# Mauricio Lemos



## Willy Wonka (17 Novembre 2016)

*Mauricio Lemos* è un difensore centrale di nazionalità uruguaiana, nato il 28 *Dicembre 1995*, dalla passata stagione gioca in Liga, più precisamente nel *Las Palmas* (NDR, la stessa squadra di Boateng). Messosi in mostra con la nazionale U20 nel mondiale e nel campionato sudamericano di categoria nel 2015 è stato prima comprato dal Rubin Kazan, dove non è riuscito a imporsi, per poi trasferirsi appunto nell'isola di Gran Canaria per soli 2 milioni di euro. In estate si è parlato molto di un interessamento del Barcellona per il ragazzo ma i blaugrana non sono andati oltre. In questa stagione sta trovando meno spazio del preventivato, appena 4 presenze in 3 mesi. Non ha ancora esordito con la nazionale maggiore, il tecnico Tabarez nelle convocazioni gli preferisce l'ex Torino Gaston Silva, ma nel prossimo futuro molto probabilmente arriverà anche la prima chiamata dall'Uruguay. Fa del senso della posizione e delle qualità tecniche palla al piede il suo punto di forza, tanto che può essere impiegato anche da mediano davanti la difesa. Spiccate doti nel gioco aereo, dove riesce a sfruttare pienamente la sua altezza. Il suo punto debole è sicuramente la troppa irruenza, unita alla non eccelsa velocità, che ne fanno un mix pericoloso se gestito male. Il suo idolo, a cui dice di ispirarsi, è il connazionale Godìn. Secondo il sito di riferimento, Transfermarkt, il suo attuale valore di mercato è di 7,5 milioni di euro. 
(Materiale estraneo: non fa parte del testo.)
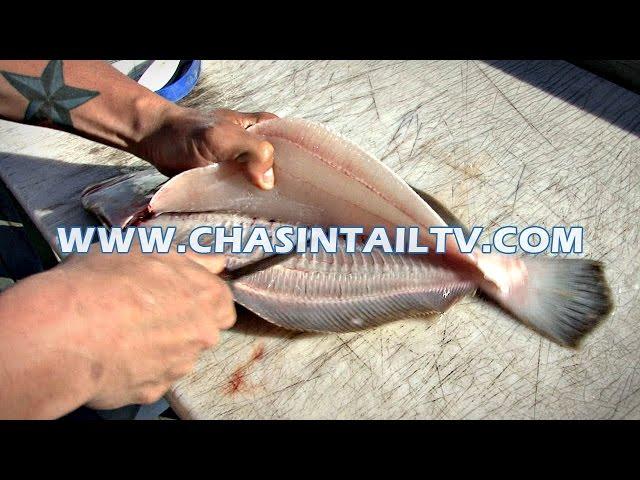 Fillet a Flounder in Under 15 seconds!! | Chasin' Tail TV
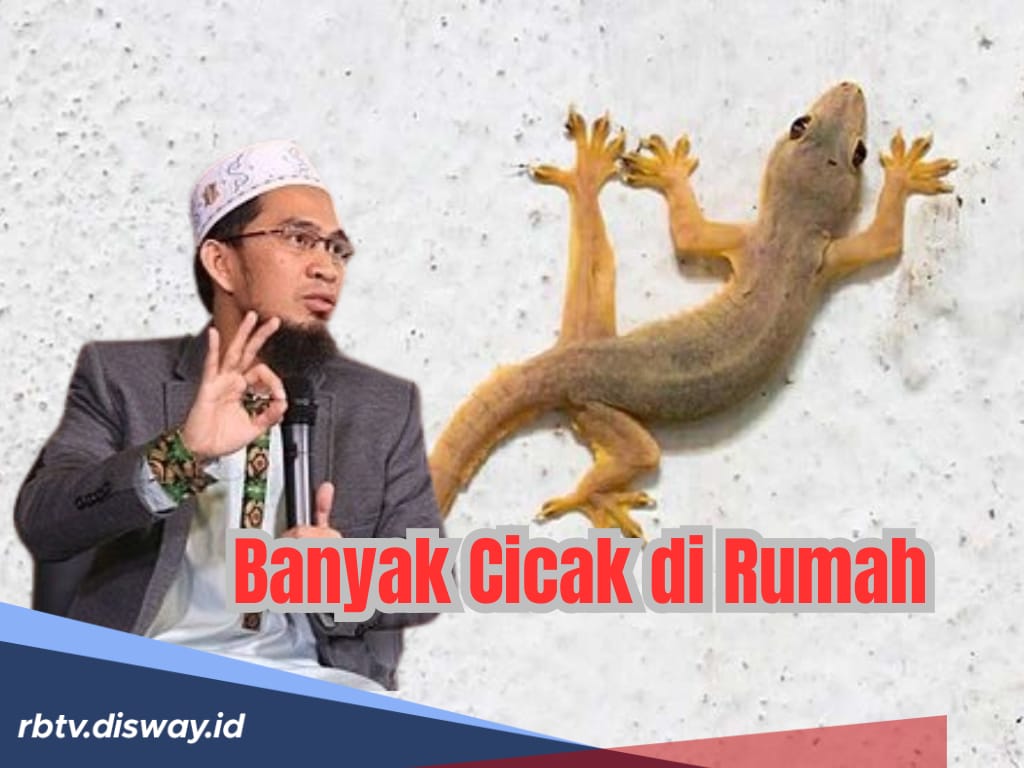 Banyak Cicak di Rumah Bunuh atau Biarkan? Ini Pesan Ustadz Adi Hidayat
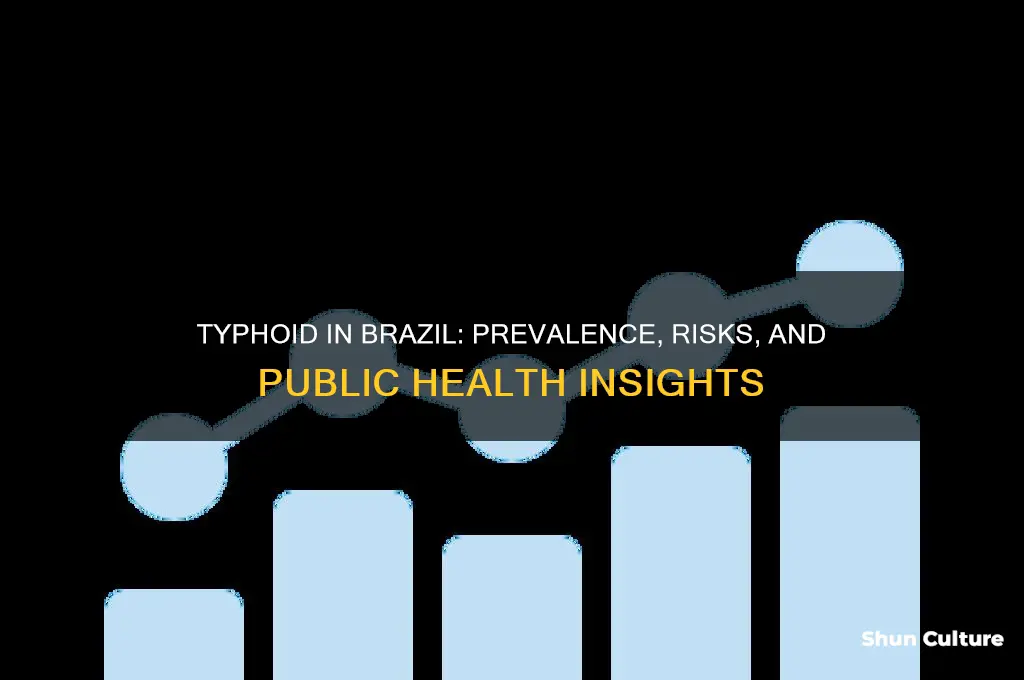 how common is typhoid in brazil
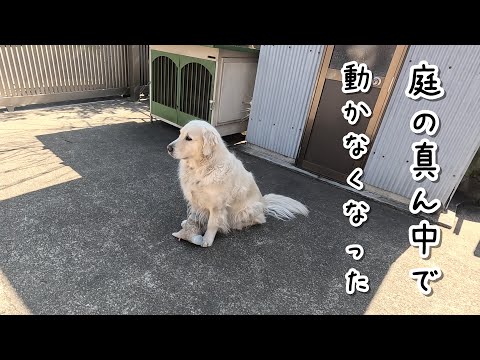 【4歳大型犬原因不明】おもちゃを咥えてきて庭の真ん中で動かんようになりました・・・。　#メイちゃんねる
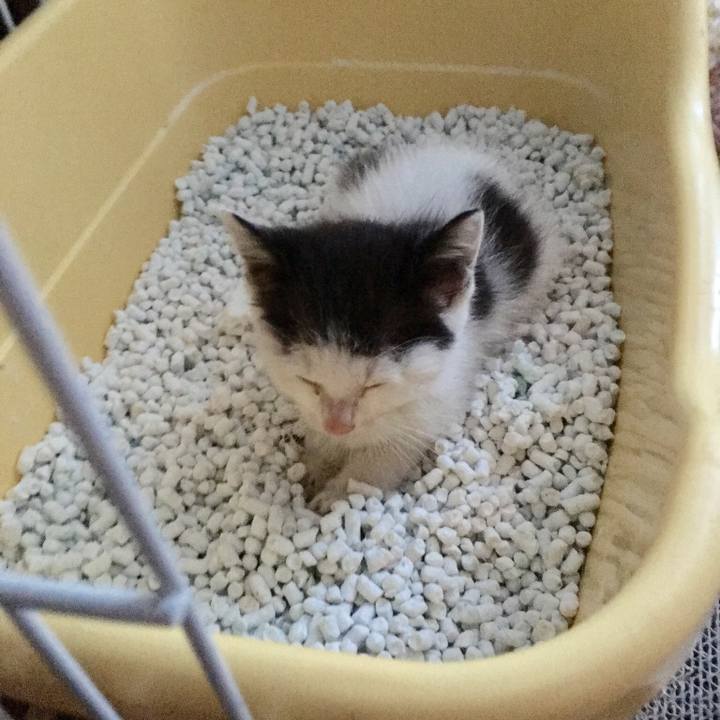 Bf5a891f 6201 42fa ae35 afaaf4391fed 1529236076784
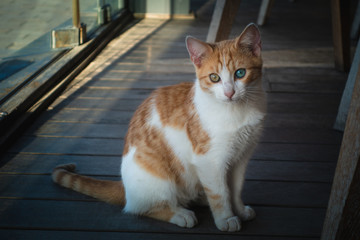 close up of a cute cat sitting on floor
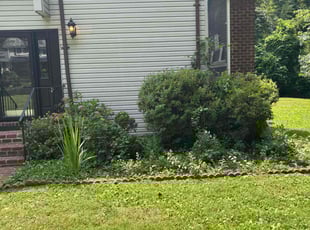 Bush Trimming by Steven Roberts for Mari S. in Fairfax, VA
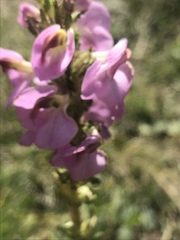 Pedicularis mexicana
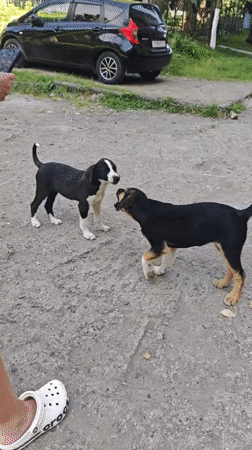 Puppies playing, beach scenes documented across Abkhazia locations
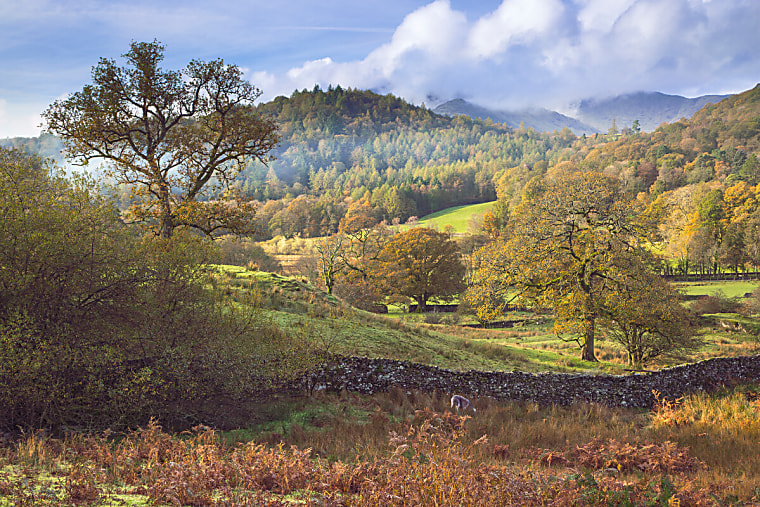 CPRE releases groundbreaking new research into hedgerows - CPRE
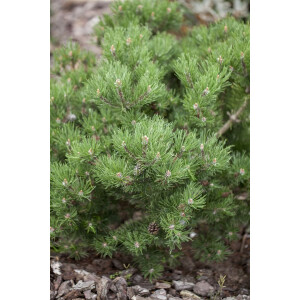 Pinus mugo Laurin 15- 20 cm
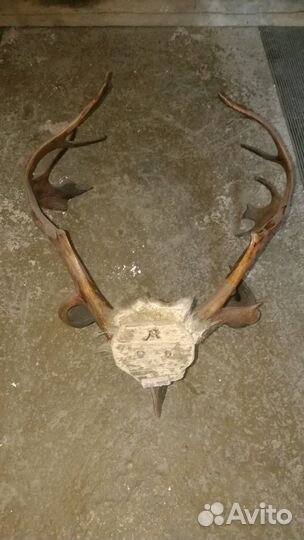 Рога Оленя на стену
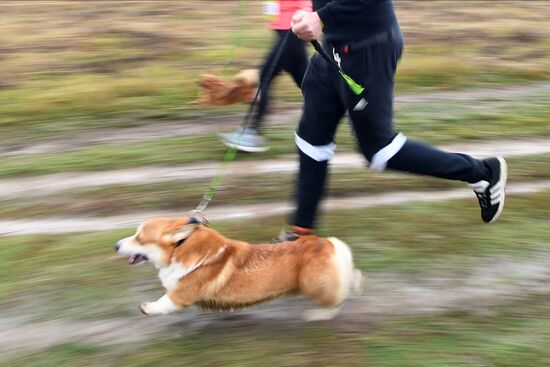 Russia Fast Dog Cross Country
Video al secondo post con giocate della stagione passata.


----------



## Willy Wonka (17 Novembre 2016)




----------



## ralf (17 Novembre 2016)

Bel giocatore, eletto miglior centrale agli ultimi mondiali Under 20, purtroppo costa già 25-30 M. La scorsa estate se lo sono conteso Real e Barca, ma il Las Palmas voleva tutti e 30M della clausula rescissoria.


----------



## Willy Wonka (8 Gennaio 2017)

[MENTION=1688]Chrissonero[/MENTION] tu che sei spagnolo e magari lo hai seguito più da vicino cosa ne pensi di questo giocatore?


----------



## Chrissonero (8 Gennaio 2017)

Willy Wonka ha scritto:


> [MENTION=1688]Chrissonero[/MENTION] tu che sei spagnolo e magari lo hai seguito più da vicino cosa ne pensi di questo giocatore?



Onestamente l'ho visto solo due tre volte, non e titolare fisso nel las palmas ma un mese fa dal primo minuto contro l'atletico madrid fa benissimo, sembra un tipico difensore uruguaiano di grande personalità, concentrazione e forza fisica, sicuramente da seguire.


----------



## ralf (30 Gennaio 2017)

Willy Wonka ha scritto:


> [MENTION=1688]Chrissonero[/MENTION] tu che sei spagnolo e magari lo hai seguito più da vicino cosa ne pensi di questo giocatore?



Che goal ha fatto contro il Valencia?


----------



## ralf (20 Febbraio 2017)

Altro goal su punizione, un cecchino...


----------



## Willy Wonka (21 Febbraio 2017)

Ha il piede caldo di recente


----------



## Chrissonero (1 Marzo 2017)

Sta facendo una partita super al bernabeu..


----------



## ralf (6 Aprile 2017)

Altro golazo su punizione, non male per essere un difensore.


----------



## ralf (28 Aprile 2017)

Oltre al Barca pare lo voglia anche Monchi alla Roma.


----------